#### YOUR OBJECTIVE
Write out each line below precisely, passing over the pictures.

--- RECORDS FOR PROCESSING ---

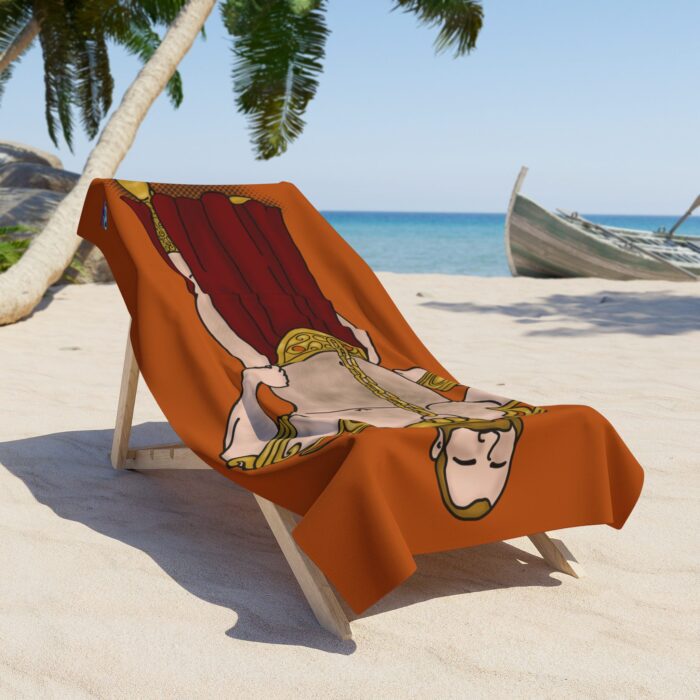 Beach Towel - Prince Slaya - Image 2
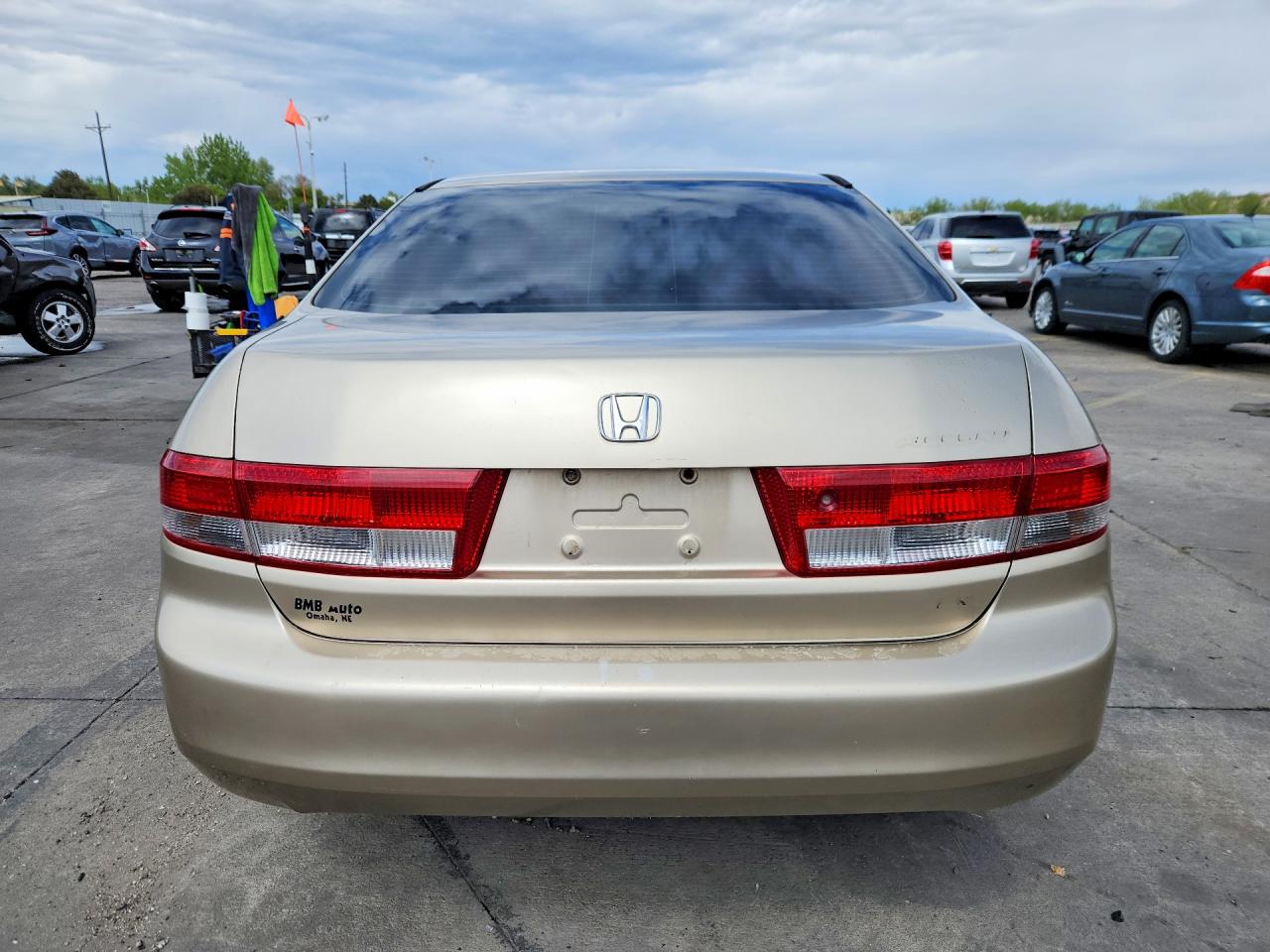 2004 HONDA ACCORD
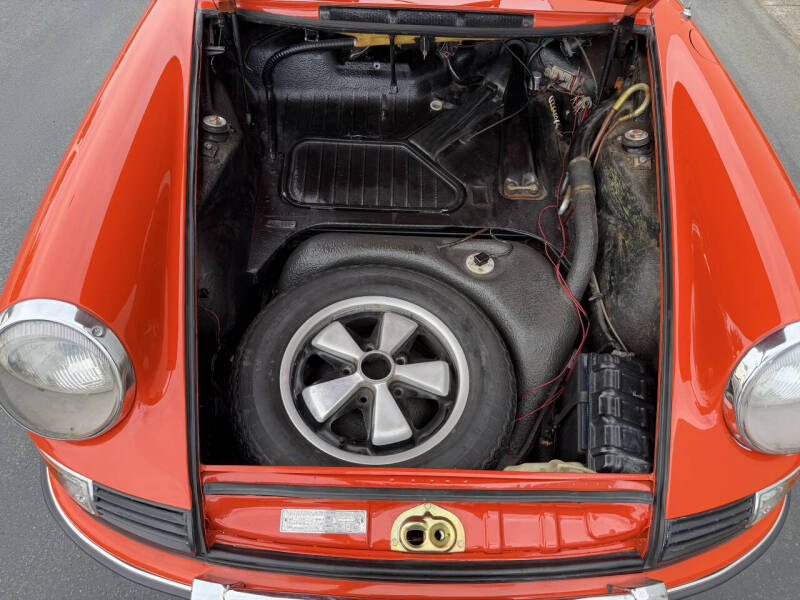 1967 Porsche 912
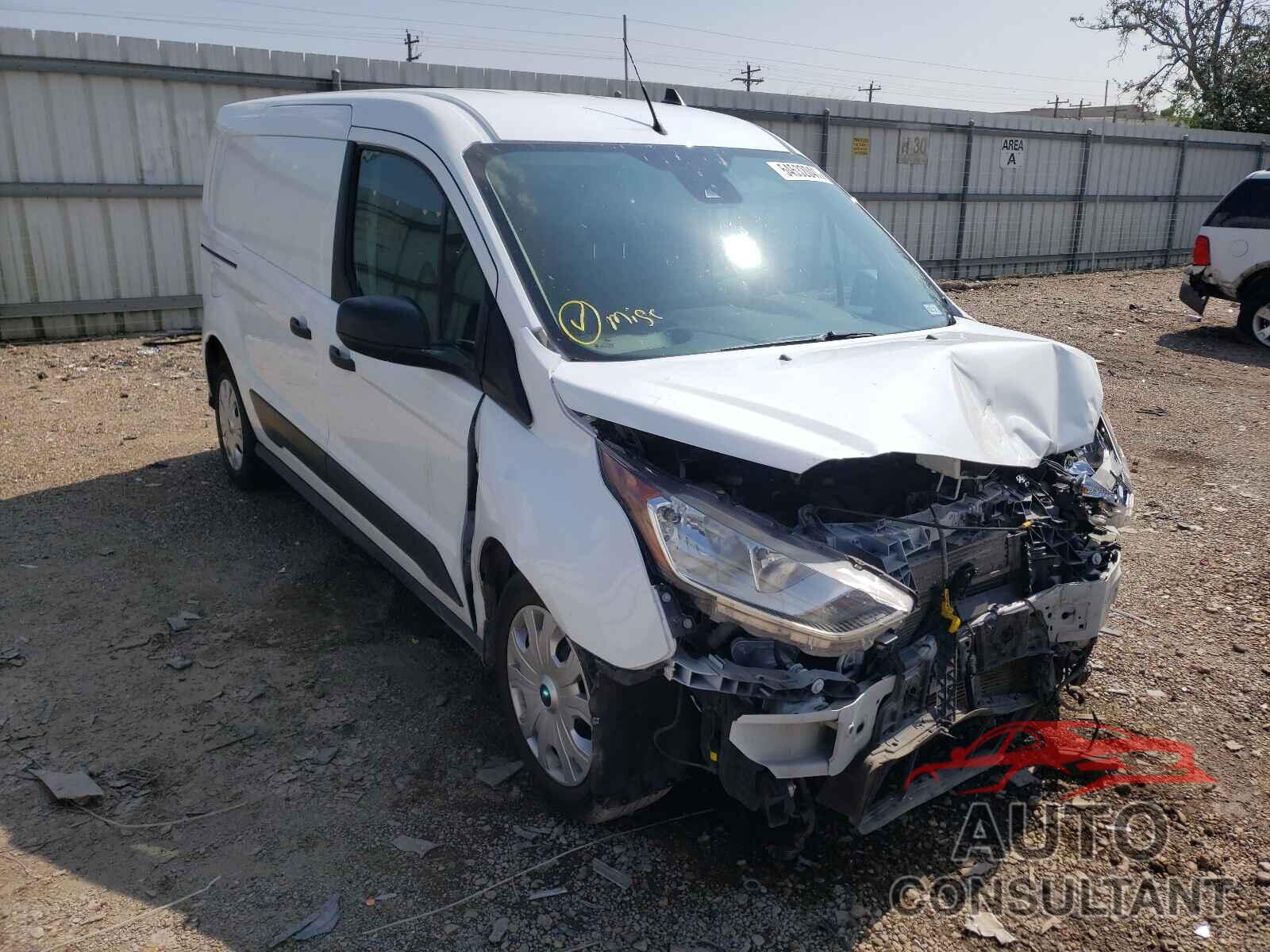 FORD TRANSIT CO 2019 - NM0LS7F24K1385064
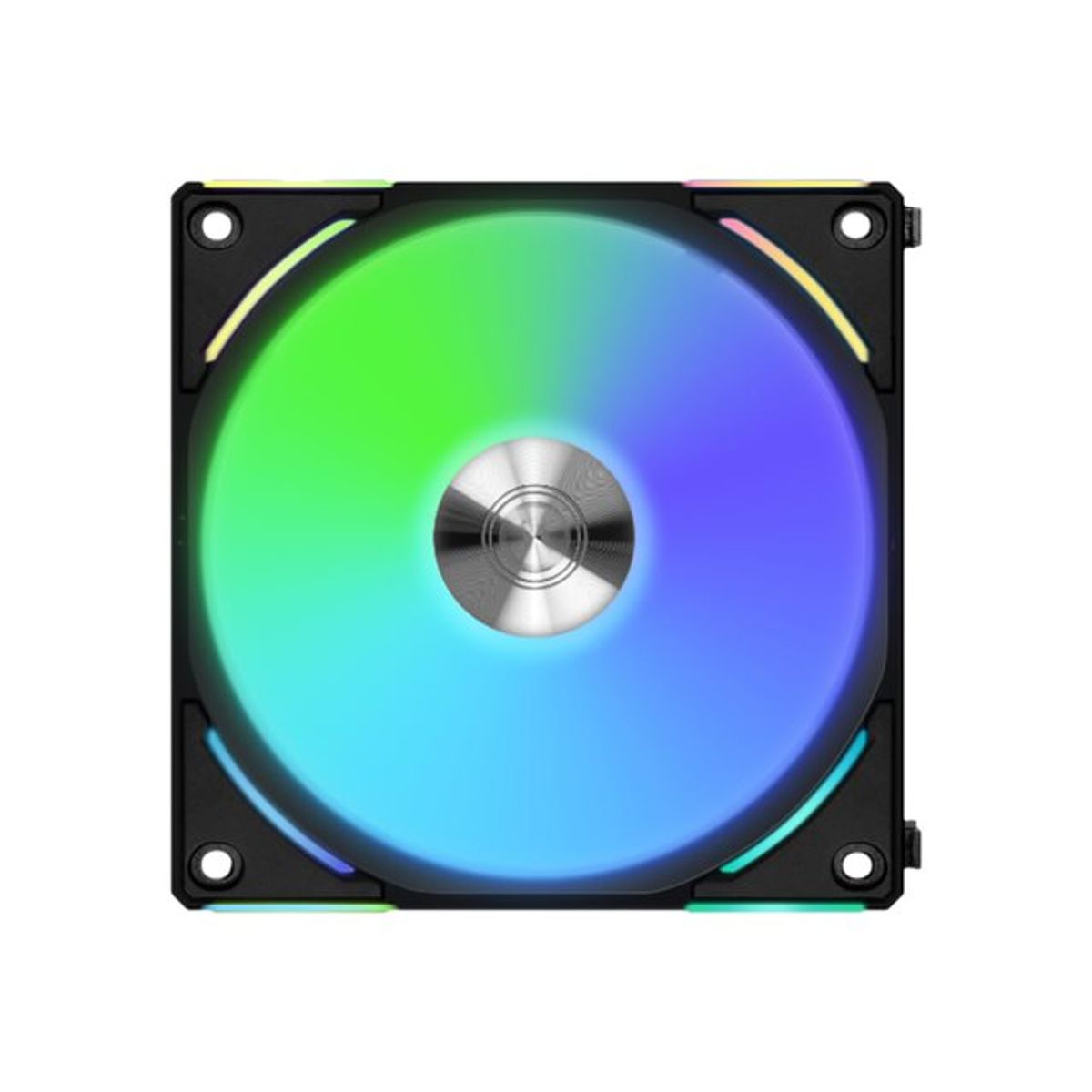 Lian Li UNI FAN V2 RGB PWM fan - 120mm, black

---

#### ANSWER TO THIS PROBLEM
 Beach Towel - Prince Slaya - Image 2
 2004 HONDA ACCORD
 1967 Porsche 912
 FORD TRANSIT CO 2019 - NM0LS7F24K1385064
 Lian Li UNI FAN V2 RGB PWM fan - 120mm, black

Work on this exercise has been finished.